ON SE CALME ET ON BOIT SALE

Sans pitié pour leurs acteurs, Allen et Neame se comportent en démiurges et s’amusent à transformer les plateaux de tournage en un gros culbuto décomplexé, en particulier dans la séquence où le navire se retourne et renverse les fêtards du Nouvel An. L’habileté redoutable du montage et des effets spéciaux artisanaux de l’époque laissent croire à des chutes vertigineuses et fatales quand il ne s’agit que de glissades intervillesques. L’ensemble tend même au sadisme déguisé quand Neame, afin de mieux convaincre ses interprètes de se prêter au jeu, répète lui-même chaque cascade avant les prises. C’est lui qui convainc la pauvre mais volcanique Shelley Winters de prendre vingt kilos pour le rôle et de s’essayer à l’apnée – elle se fera entraîner par Johnny Weissmuller himself – pour la crédibilité du rôle. De même que les costumes ne sont confectionnés qu’en exemplaires uniques car ils seront portés jour après jour, s’imprégnant au fur et à mesure de la crasse, de la suie et de la sueur des protagonistes, ces derniers endurent les pires conditions de tournage, dans la fournaise, perpétuellement trempés, secoués en équilibre sur l’auriculaire, sans (presque) se faire doubler.

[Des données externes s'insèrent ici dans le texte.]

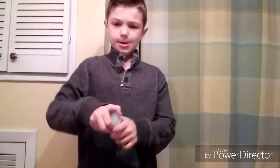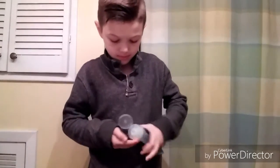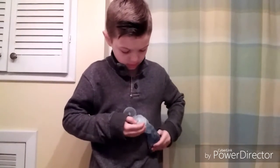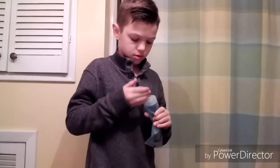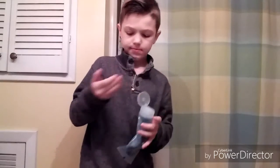So then I take this — get this much — and then I rub it on my hair. That's how I did my hair in the morning.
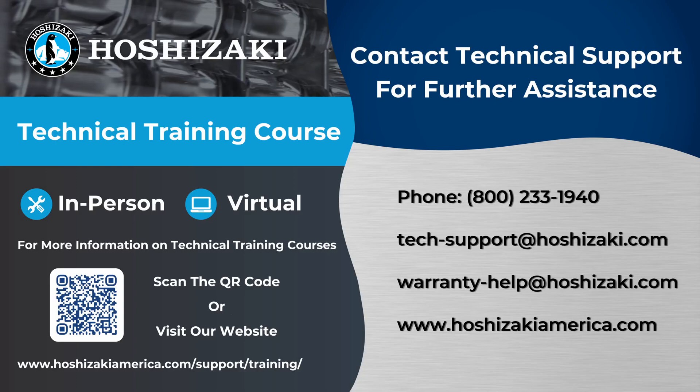Thank you for watching this video. For more videos like this, feel free to subscribe to our YouTube channel. We also offer virtual and in-person training courses on Hoshizaki products for technicians. If you're interested, go to hoshizakiamerica.com/support/training or scan the QR code on the screen. For any further assistance, you can contact us by phone or email — the contact details are on the right side of the screen. Thanks for watching.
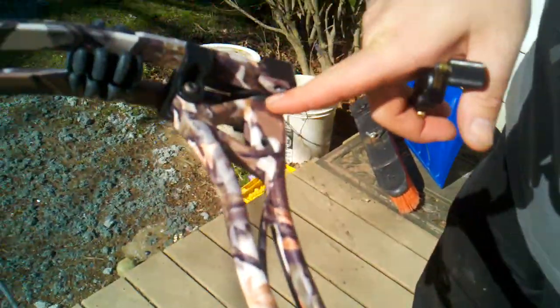There's a silencer on the slide and a silencer on the string stop. There's also a rubber gasket down in here between the limb cup and the actual limb, which I thought was a pretty good idea.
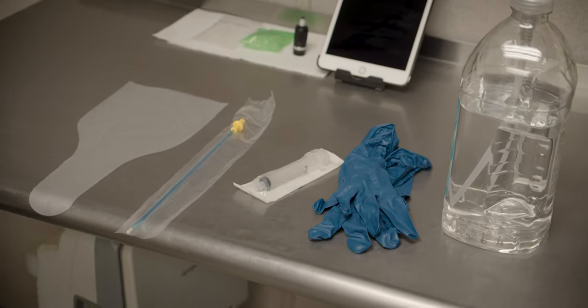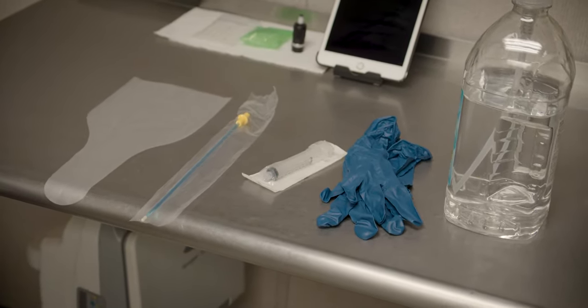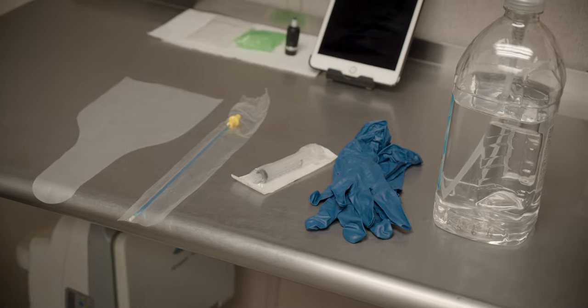The supplies that you will need to have are a semen collection bag, a 6ml or larger syringe, a flexible pipette, gloves, and non-spermicidal lube.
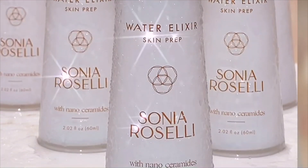Let me introduce you to Water Elixir, one of the best-selling products in our skin prep line. Water Elixir is a water essence, and water essences are very popular in Japan and rightfully so. Water essences are basically a moisturizer and a serum all in one — and that's what Water Elixir is.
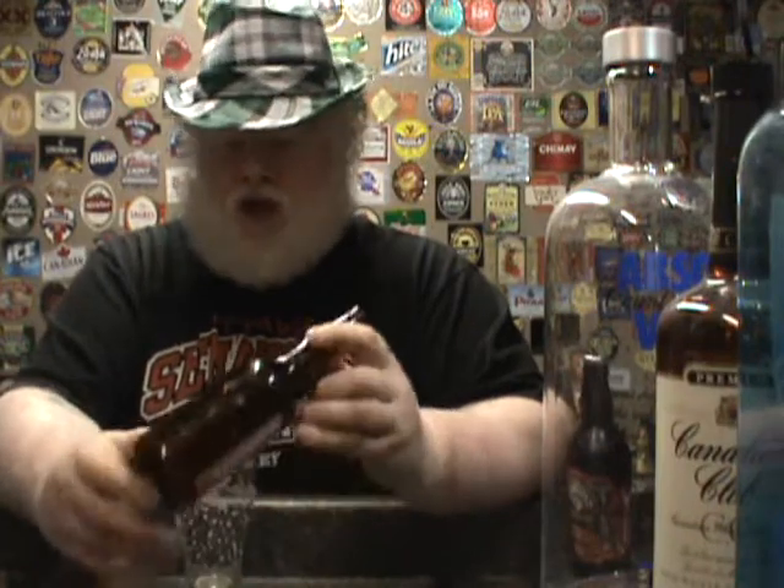Go out and buy it if you want something different. You're not going to get anything amazing out of it, but you might find that you like it. This is a strange one — a different take on a wheat beer to me. Anyway, Okanagan Springs Summer Weizen. Thank you, YouTube. Bye-bye.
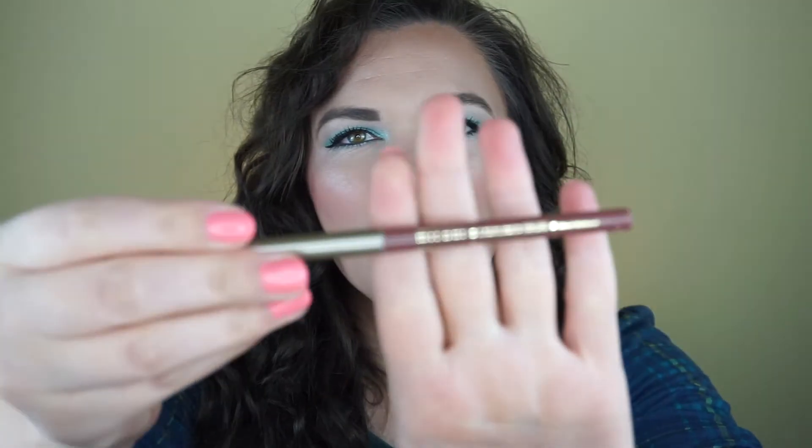I used this Milani Easy Liner for Lips Retractable Pencil in the shade Most Natural to line my lips. For lipstick, Maybelline doesn't make this one anymore — it's called Rhinestone Pink from a gemstone collection they had. I've used it to death; it's like my favorite lipstick shade. I'm going to use it even though they don't make it anymore.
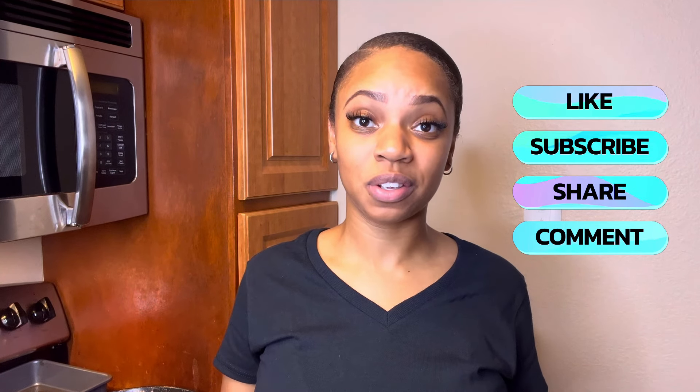If you enjoyed watching this video, make sure that you give this video a thumbs up, subscribe to my YouTube channel, turn on the notification bell so that you can be notified when I post my next video, share this video with someone that you believe would like it, and leave me a comment. Thank you guys so much for watching.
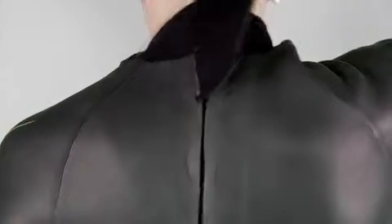Even better, the back zipper runs diagonally rather than straight up and down the spine, which makes self-donning easy. Those days of needing zip-up help from your dive buddy are gone forever.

Les crises de nerfs deviennent quotidiennes, Neame pète les plombs, Allen exulte devant les rushes et songe déjà à faire rôtir cinq cent personnes dans un gratte-ciel… Au terme de quatre mois de production, le navire est enfin à flot et prêt pour le voyage dans les salles. Un dispositif marketing sans précédent est mis en place bien que les mauvaises langues des studios ricanent et continuent de prédire un échec cuisant. Mais c’est un succès triomphal qui attend le film avec 80 millions de dollars au box-office et huit nominations aux Oscars, preuve que l’industrie est prête pour ce qui sera l'une des grandes tendances des années 70, le film catastrophe. S’ensuivront d’ailleurs avec bonne fortune La Tour infernale (1974), Tremblement de terre (1975) et L’Odyssée du Hindenburg (1975). Mais L’Aventure du Poséidon, avec sa démesure, sa densité dramatique, reste un fleuron novateur qui, malgré les années, étonne toujours par son efficacité cathartique.